Тут Софья поднялась.

– Встань, Марья. А ты, – метнула она колкий взор в Евфимию, – забудь мечтать о прежнем. Я изначально не желала иметь тебя невесткою. Лгала по крайней надобности. Надобность отпала, ложь отринута.

Евфимия при этой откровенности оперлась спиной о стену.

– Стало быть, отец был прав, тебя возненавидя. Уж коль пошло на прямоту, покайся в смерти Елентея и других…

– Покаяться? – Витовтовна уставилась на Всеволожу глаза в глаза. – Ведь ты с приспешницей убила Картача, когда он стал для вас опасен. Я же после измены Иоанна видела в тебе опасность и вовремя стремилась вскрыть её, а зло предупредить.

– Меня посылывала к батюшке с примирными речами и мне не верила? – пыталась объясниться Всеволожа.

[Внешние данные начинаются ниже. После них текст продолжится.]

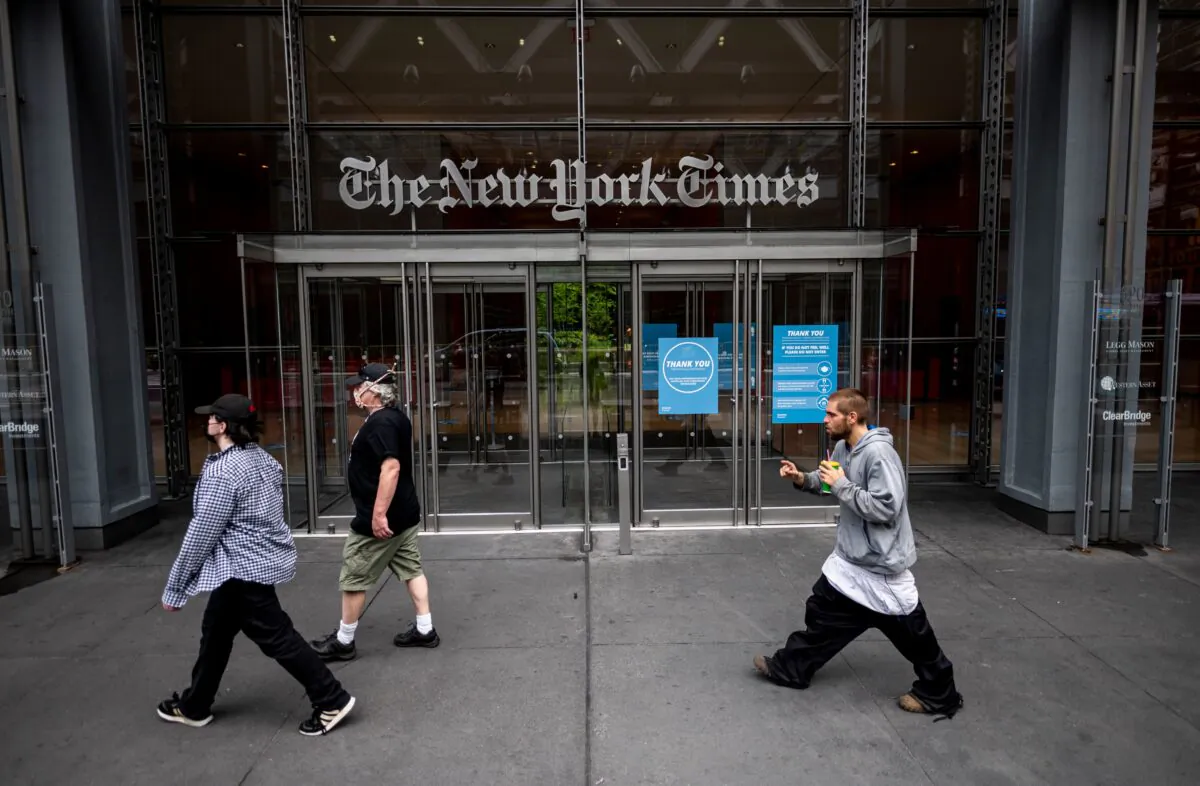 The New York Times building in New York City on June 30, 2020. (Johannes Eisele/AFP via Getty Images)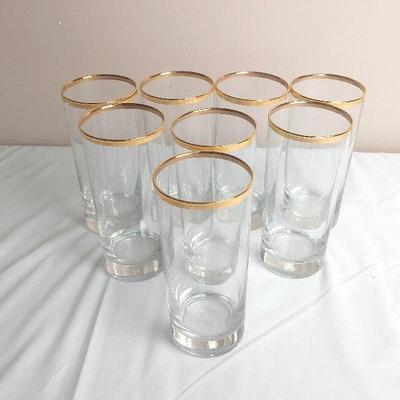 Vintage Gold Rimmed Tumblers 8pc. 6.5" Tall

– Не верила, – призналась Софья. – Не верю и теперь. Гляди, как мы сидим за приставами. Перескажи отцу. Порадуйтесь обое. А тебе, трусиха, – обернулась она к Марье, – кто велел к врагине за помогой посылать? Немощный твой дух велел?

Евфимия, стуча зубами, пошла к двери. При выходе с трудом произнесла:

– Из вас троих ты, бывшая государыня моя, одна достойна смерти. Да жаль, твоя судьба неотделима от сыновней.

Бунко, метавший по-простолюдински зернь за пристава, уступил ему место за столом. Евфимия, укутанная понкой, идя за Карионом, услышала короткий разговор:

– Кто эта жонка, Семён Яма?

– Тебе всё знать да ведать! Должно, великокняжья сродница. А ты видал – молчи!

Луна сияла на дворе, словно ночное солнце. Небо очистилось. Ветер направлял пушной колдунчик на шесте в сторону Москвы-реки.

– Довольна ли, Евфимия Ивановна, походом? – спросил Бунко.

– Послушала другую сторону, – задумчиво, как бы самой себе, ответила боярышня, – а здесь, – уткнула палец в лоб, – узла не развязала.

Простились во дворе монастыря.

Очнулся дремлющий Кумганец и погнал Каурку на другой конец Кремля к дому Мамонов.

Ворота без расспросов отворяла дева в полотняном покрывале, подвязанном у подбородка.

– Въезжай, боярышня Евфимия!

Выйдя из кареты во дворе, гостья узнала Богумилу. Невзрачнейшая из лесных сестёр девка-чернавка, угадывавшая, как амма Гнева уставляла лучины на полатях, сейчас угодливо держала дверцу кареты.

– Вот так встреча! – обрадовалась Всеволожа. – Ты не иначе воротницей служишь у Акилины свет Гавриловны?

Богумила улыбнулась.

– Нынче у аммы Гневы девичья челядь. Я, Полактия, Власта и Янина к ней явились по понадобью. Вот углядела сквозь ворота, что ты едешь, и отворила.